Bueno, natural, natural… Hay que ver los nuevos tocadiscos que extraen hasta la quintaesencia del microsurco: parecen refinerías, con poleas y contrapesos para el brazo que sustenta a la aguja lectora en su cápsula, motores separados del plato (que pesa un montón de kilos para que la fuerza de la inercia esté perfectamente equilibrada) a fin de no “parasitar” la lectura del disco, tensores diversos para variar el grado de inclinación de la aguja, y así…
Y hay que ver a los amantes del vinilo en acción. Son como aquellos fumadores de pipa para los que fumar formaba parte –y era indisociable de- todo un ritual: se calzan guantes de lino para no dejar huellas en el disco, inclinan la testuz para verificar que la aguja está, efectivamente, sobre el borde del disco y le dan a la palanquita que activa el mecanismo hidráulico gracias al cual el artilugio se posa sobre el disco con una presión de gramo y medio. No más, ni tampoco menos.
Y a la media hora, vuelta a empezar porque los vinilos tienen dos caras.¿Se acuerdan? La generación del mp3, la que lleva miles de canciones en una caja de cerillas mejorada, difícilmente podrá comprender que hubo un tiempo en el que la música venía repartida en “caras”, la “A” y la “B” en la escuela clásica, y la “1” y la “2” en la de los rompedores. Pero fue así.
Y vuelve a ser. En Bruselas, ciudad de funcionarios y empleados de multinacionales bien pagados, gente de posibles en fin, hay un mercado para el vinilo. Por el Boulevard Anspach, cerca del edificio de la Bolsa, el trasiego es enorme. De un lado vienen los chavales del mp3 con la herencia que han recibido del abuelo o el padre fallecido recientemente, para liquidarla y comprarse un Ipod, y del otro los que tienen instalada la refinería esa en el salón. Y todos se van tan contentos. El chaval a la Fnac, a por su Ipod, y el melómano con un saco de discos de a 5 euros la pieza.

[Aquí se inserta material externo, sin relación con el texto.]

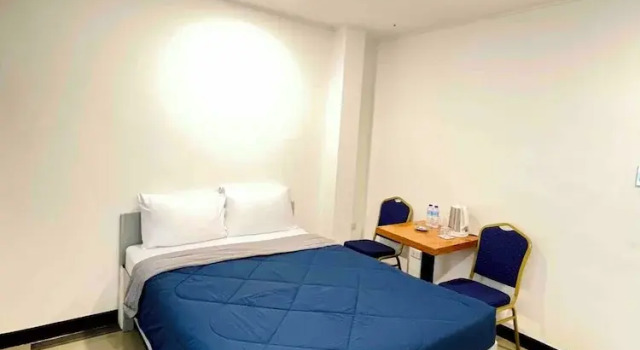 Двухместный номер Standard Bluewing Hotel Angeles powered by Cocotel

Luego hay que quitarles el polvo y la estática a los vinilos. Un poco de agua tibia y jabón neutro hacen maravillas, pero hay también máquinas limpia discos que funcionan como lavadoras. Otros tropecientos euros que sumar a la factura.
Corren leyendas de melómanos desmesurados, la mayoría de ellos japoneses, que tienen instalaciones de lectura de vinilos imposibles de imaginar, con altavoces gigantescos encastrados en bloques de cemento armado, en locales aislados del mundanal ruido para mejor dejarse envolver por el tremendismo de Wagner.
Pero el trapicheo de Anspach es, normalmente, ajeno a esas sofisticaciones. La gente busca su música porque –y esa es la principal perversión de las sociedades de autores-, la música también es de quien la oye, no sólo de quien la compone o interpreta. Menos de quien la administra. El lugar, el momento, la compañía, la circunstancia personal en fin, son claves en la apropiación que realizamos de “nuestra” música.
Por eso, Anspach es, primero y por encima de todo, un enorme cementerio de emociones, en el que reposan, ordenadamente apiladas, las ensoñaciones de aquella señora que adoraba a Dean Martin o a Harry Belafonte, o las levitaciones de aquel señor que se sentía transportado por la música de órgano. A la una y el otro sus respectivos vástagos los han terminado arrumbando en una estantería de saldos, al lado del edificio de una Bolsa en la que se trafica con títulos electrónicos, porque el papel ya no es exigible. La verdad siempre se negocia en el universo de lo intangible.